■ Input data:

::::::::::

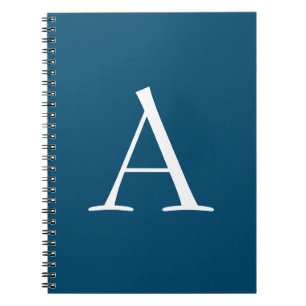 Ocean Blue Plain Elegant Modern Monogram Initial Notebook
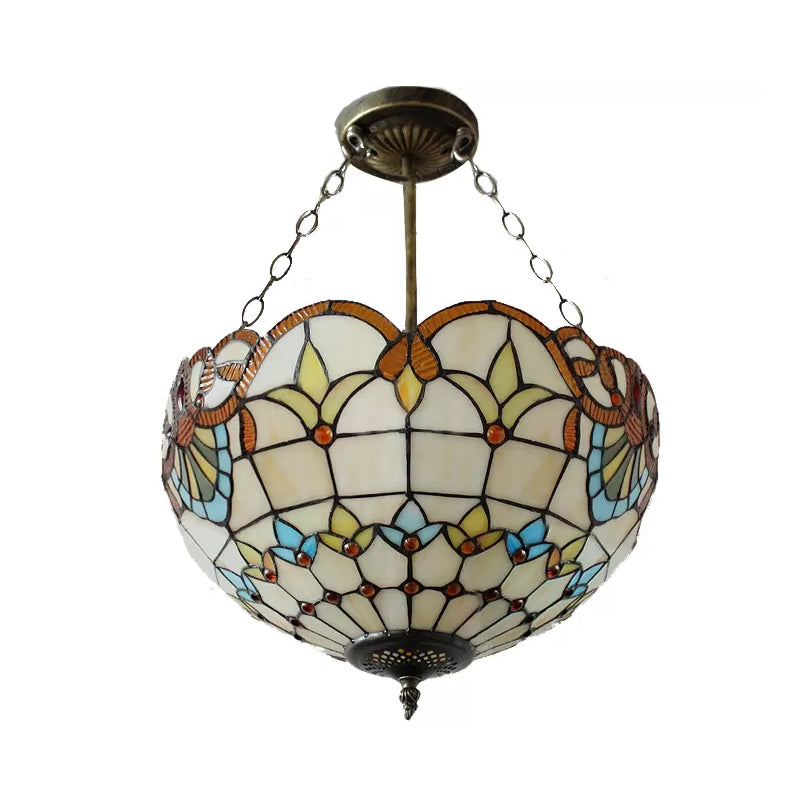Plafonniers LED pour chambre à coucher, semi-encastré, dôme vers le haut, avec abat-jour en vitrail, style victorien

::::::::::

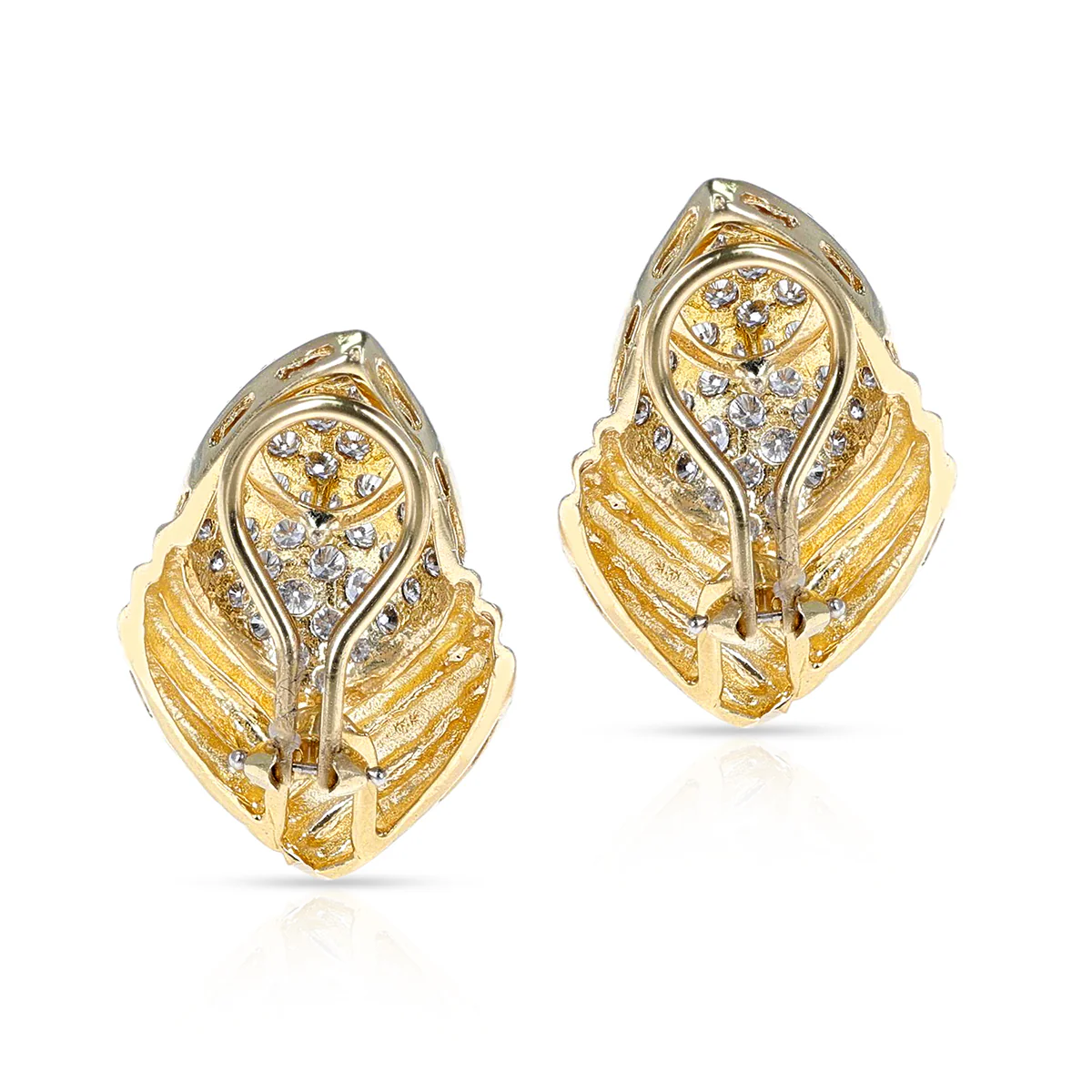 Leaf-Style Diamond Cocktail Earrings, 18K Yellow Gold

::::::::::

■ Aim of the exercise: Using the listing above, repeat word for word each line from the one with "Ocean Blue Plain" down to the one with "Plafonniers LED pour", both included. Omit all pictures.

■ Answer section:
 Ocean Blue Plain Elegant Modern Monogram Initial Notebook
Plafonniers LED pour chambre à coucher, semi-encastré, dôme vers le haut, avec abat-jour en vitrail, style victorien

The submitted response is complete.